- **PROBLEM TO SOLVE**
Drop the pictures; give again exactly the lines from the one holding "Loft - 120 m² - 3 pièces" through the end of the data.
===== RECORDS TO USE =====
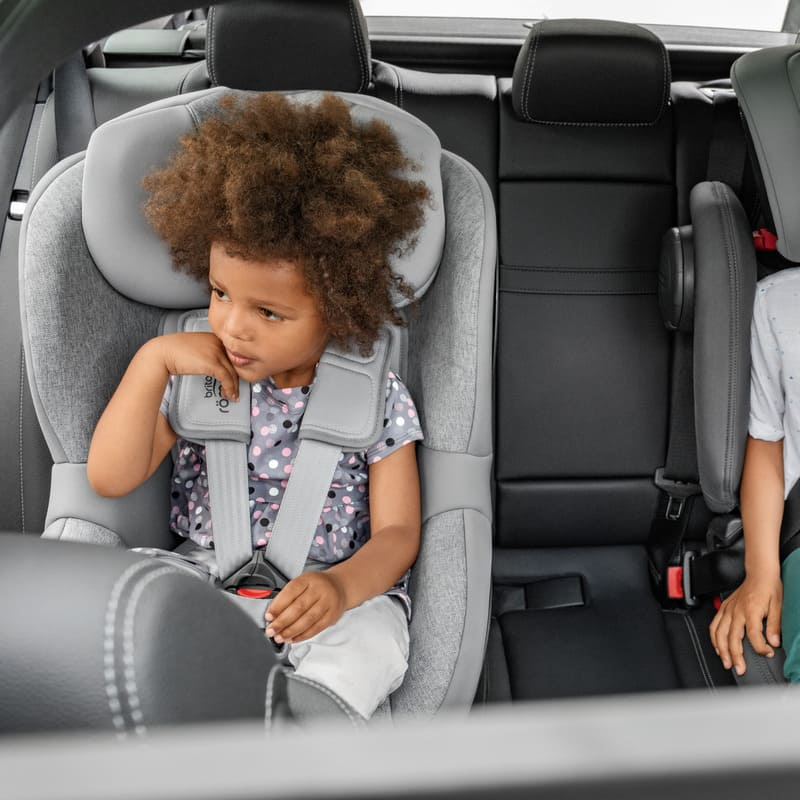 Siege auto Kidfix III M groupe 2 3 Cosmos black de coté Britax Romer Voiture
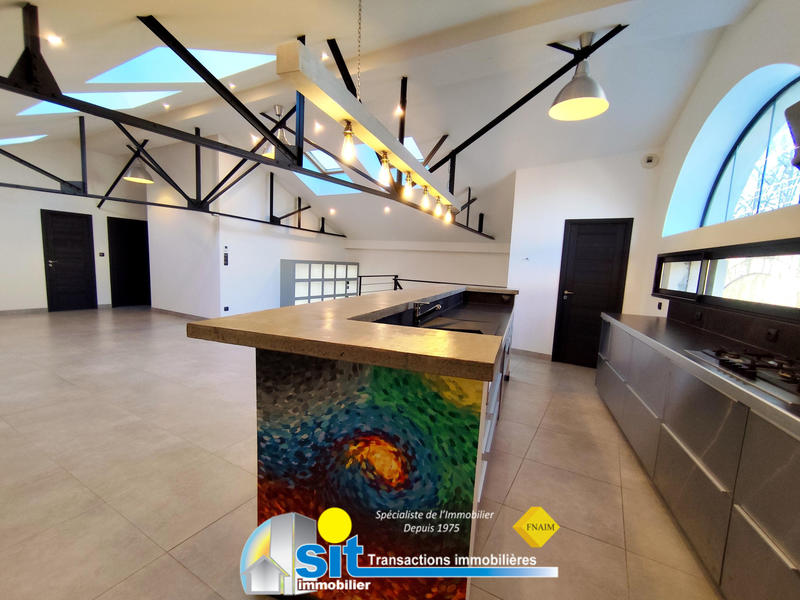 Loft - 120 m² - 3 pièces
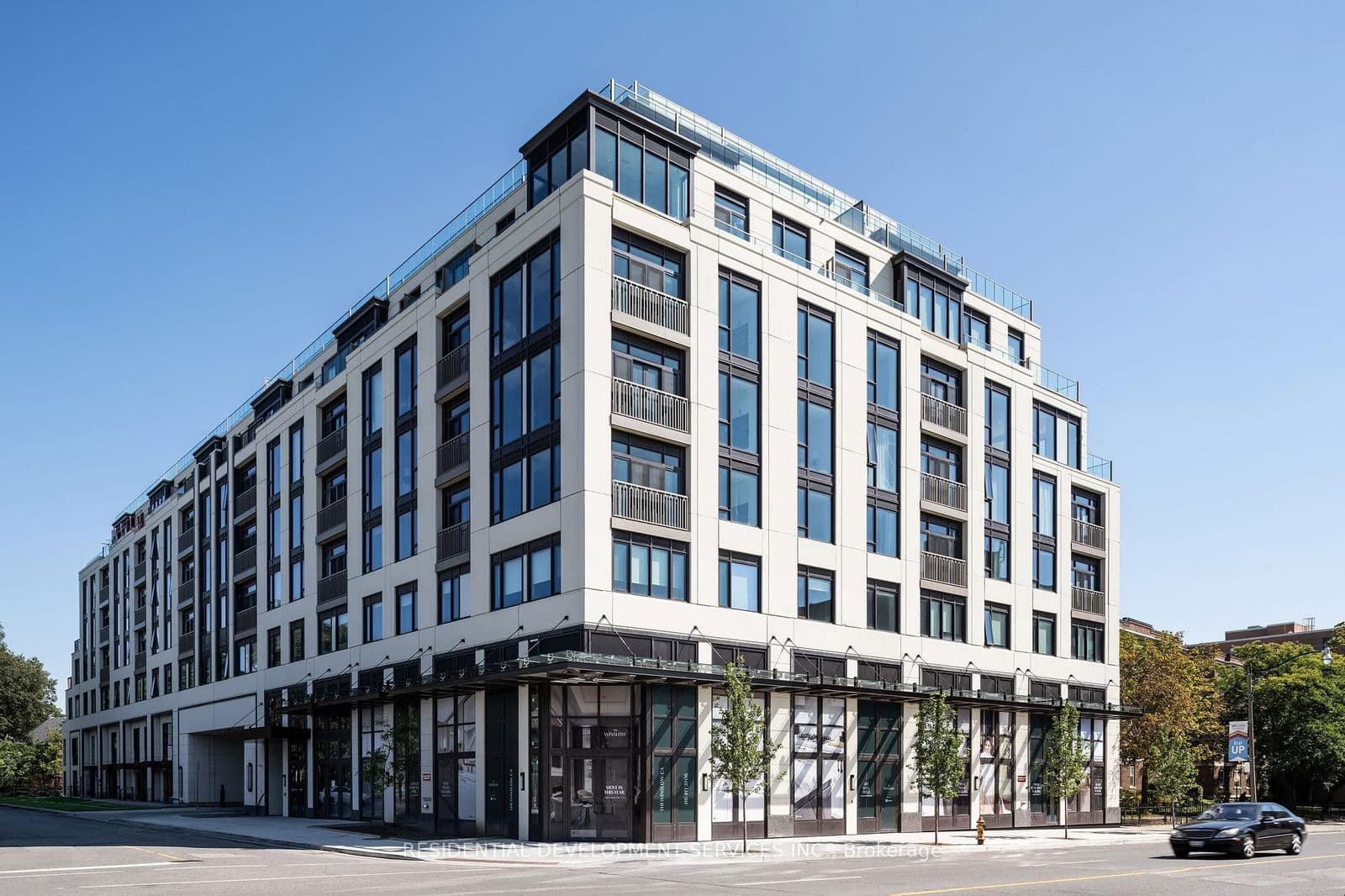 1 Strathgowan Avenue, Unit 403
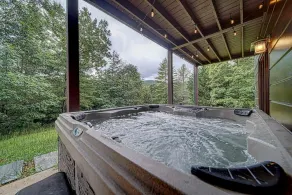 Cabin with 3 bedrooms, game room, sunrise & mountain views! - Image 4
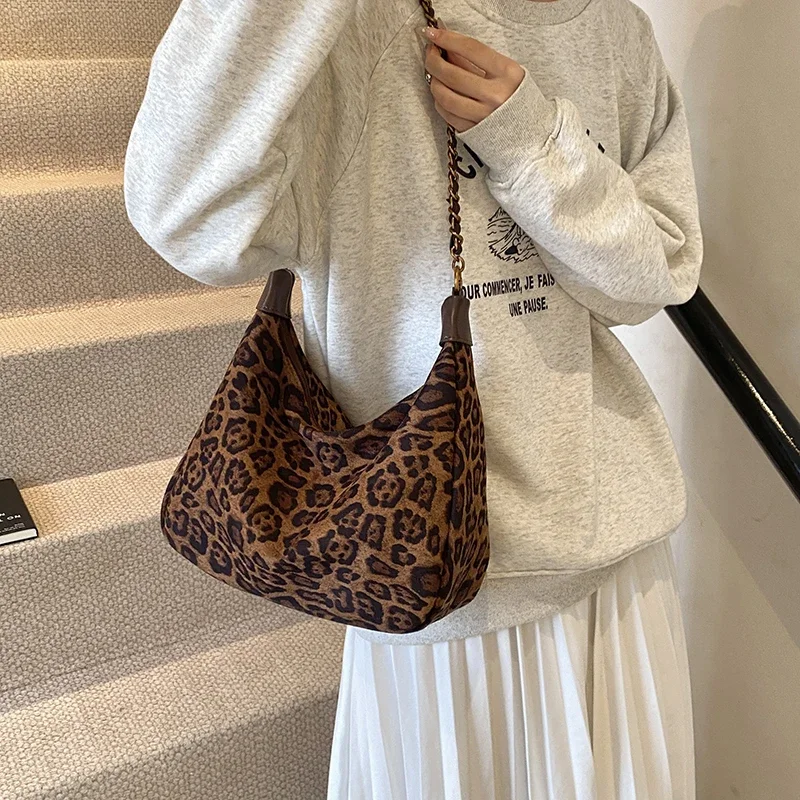 Món đồ mọi phụ nữ có gu thẩm mỹ đều sở hữu vào thu đông này chị em chỉ cần sắm 1 món cũng đẹp suốt mùa - 3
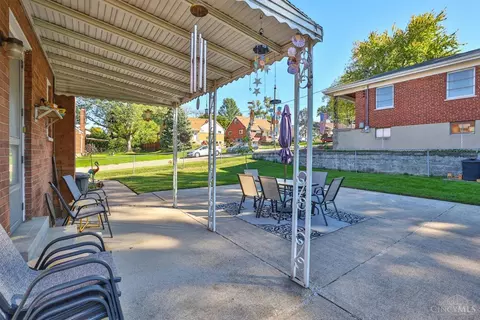 Exterior - 731 Benson St, Reading, OH 45215 photo 6 of 9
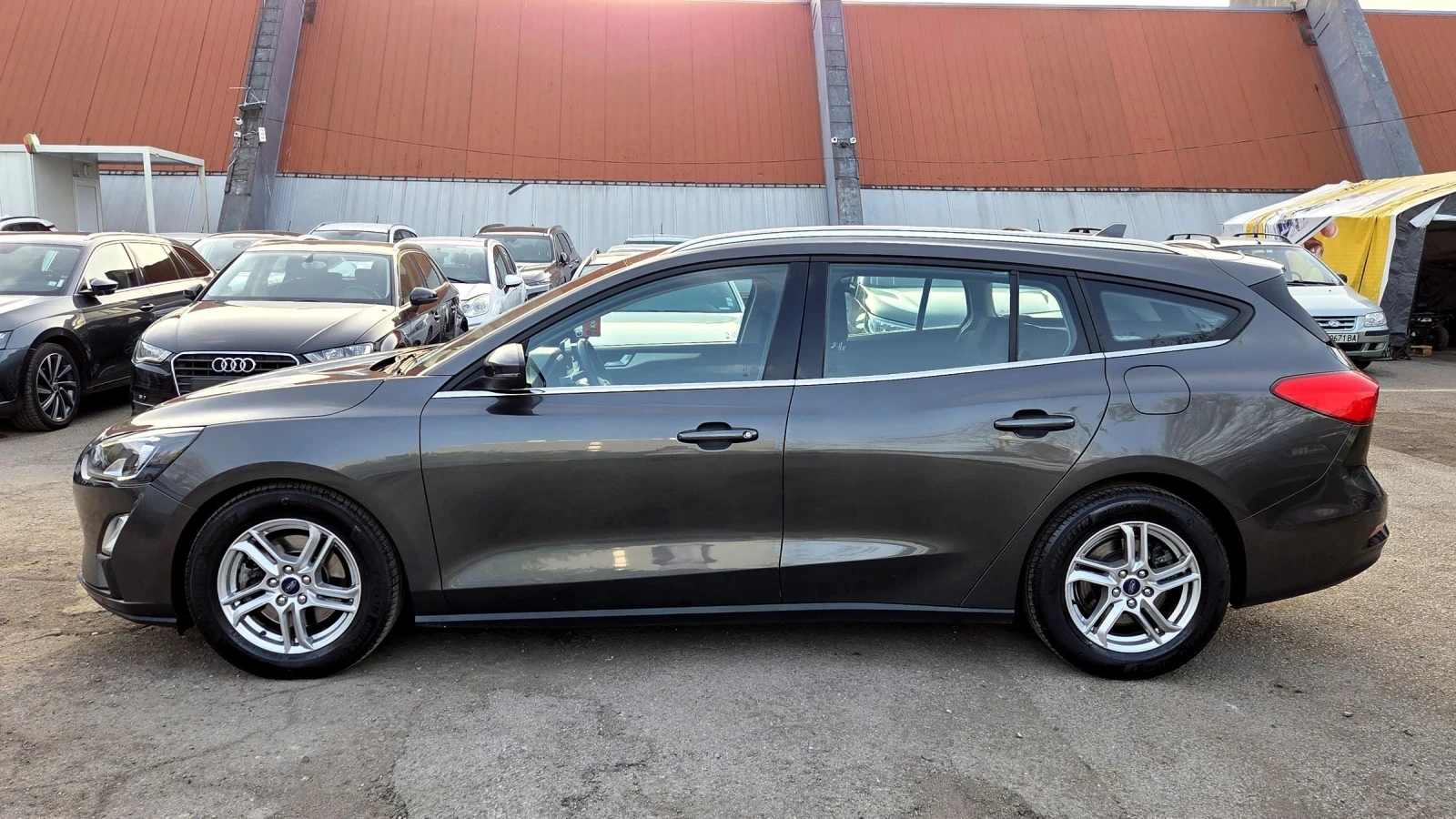 Ford Focus 12.2020/1.5D 120 к.с./LED - изображение 4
=====
- **EXERCISE ANSWER**
 Loft - 120 m² - 3 pièces
 1 Strathgowan Avenue, Unit 403
 Cabin with 3 bedrooms, game room, sunrise & mountain views! - Image 4
 Món đồ mọi phụ nữ có gu thẩm mỹ đều sở hữu vào thu đông này chị em chỉ cần sắm 1 món cũng đẹp suốt mùa - 3
 Exterior - 731 Benson St, Reading, OH 45215 photo 6 of 9
 Ford Focus 12.2020/1.5D 120 к.с./LED - изображение 4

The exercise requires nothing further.